La principale raison de ce recul tient à une réduction de 7,6 % des investissements dans les logements résidentiels, qui représentent environ les trois quarts de l’ensemble des investissements.

L’investissement immobilier a également chuté en raison du fait que de nombreux promoteurs ont du mal à obtenir des financements. Par exemple, au cours des sept premiers mois, le montant des fonds disponibles pour le développement immobilier était de 7,82 trillions de yuans, soit une baisse de 11,2 % par rapport à l’année précédente.

Un risque systémique

L’annonce par Zhongrong International Trust Co., qu’elle supprimait ses produits d’investissement a également mis en lumière la surexposition du secteur bancaire chinois au secteur de l’immobilier.

Prisonnière d’une grave crise immobilière, la société basée à Pékin a interrompu les paiements aux investisseurs de ses obligations alors qu’une restructuration de la dette est en cours.

Selon Shen Meng, directeur de la société d’investissement Chanson & Co, basée à Pékin, une crise de liquidité dans le secteur des fiducies pourrait avoir des répercussions considérables sur l’ensemble de l’économie. Les investisseurs individuels exposés aux obligations Zhongrong pourraient voir leur patrimoine diminuer, les sociétés cotées en bourse voir leur capital de croissance et d’investissement réduit, et les gouvernements locaux, qui croulent déjà sous les dettes, pourraient être confrontés à des difficultés supplémentaires lors de la mise en œuvre de mesures visant à soutenir l’économie chinoise en déclin.

Et ensuite ?

Le mois dernier, le Politburo du Parti communiste chinois a donné espoir aux investisseurs du secteur immobilier chinois en laissant entendre qu’il envisageait de soutenir les promoteurs en difficulté.
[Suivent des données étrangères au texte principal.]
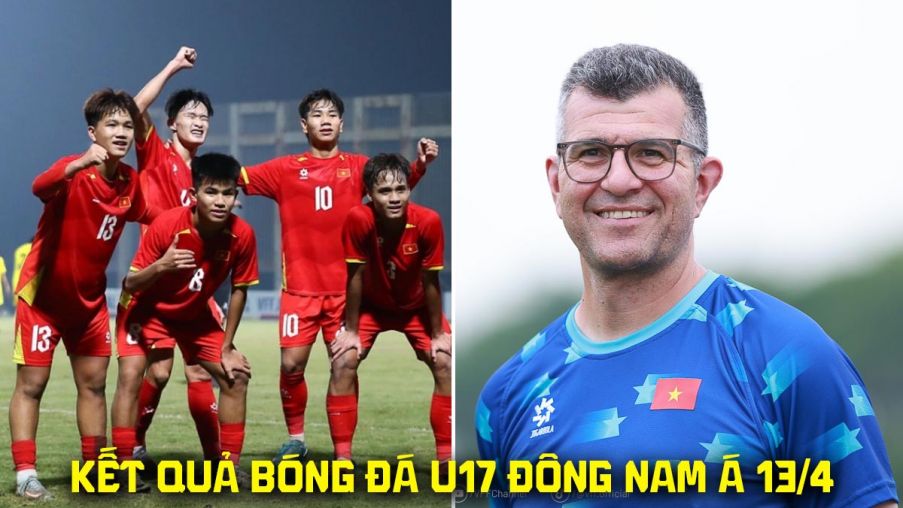 Kết quả bóng đá U17 Đông Nam Á 2026 hôm nay 13/4: Tạ Đình Phong tỏa sáng, ĐT Việt Nam thắng đậm Malaysia?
Bien qu’aucune mesure de relance audacieuse n’ait été annoncée jusqu’à présent, les analystes espèrent que Pékin pourra fournir une forme de soutien en liquidités pour la construction et la livraison de projets, mais qu’il s’abstiendra d’effectuer des sauvetages financés par l’État afin d’enrayer la spirale descendante.

Les autorités chinoises vont probablement éviter un tel scénario, de peur que des milliers d’acheteurs ne deviennent les victimes de projets inachevés et ne déclenchent une reprise des restrictions hypothécaires de l’année dernière », a déclaré un rapport de CrediSights mardi.

La demande de logements restant faible, une deuxième série d’arrêts de projets est susceptible d’affaiblir encore davantage le sentiment des acheteurs. Par conséquent, l’apport de liquidités pour le refinancement des obligations sera probablement relégué au second plan, ajoute le rapport.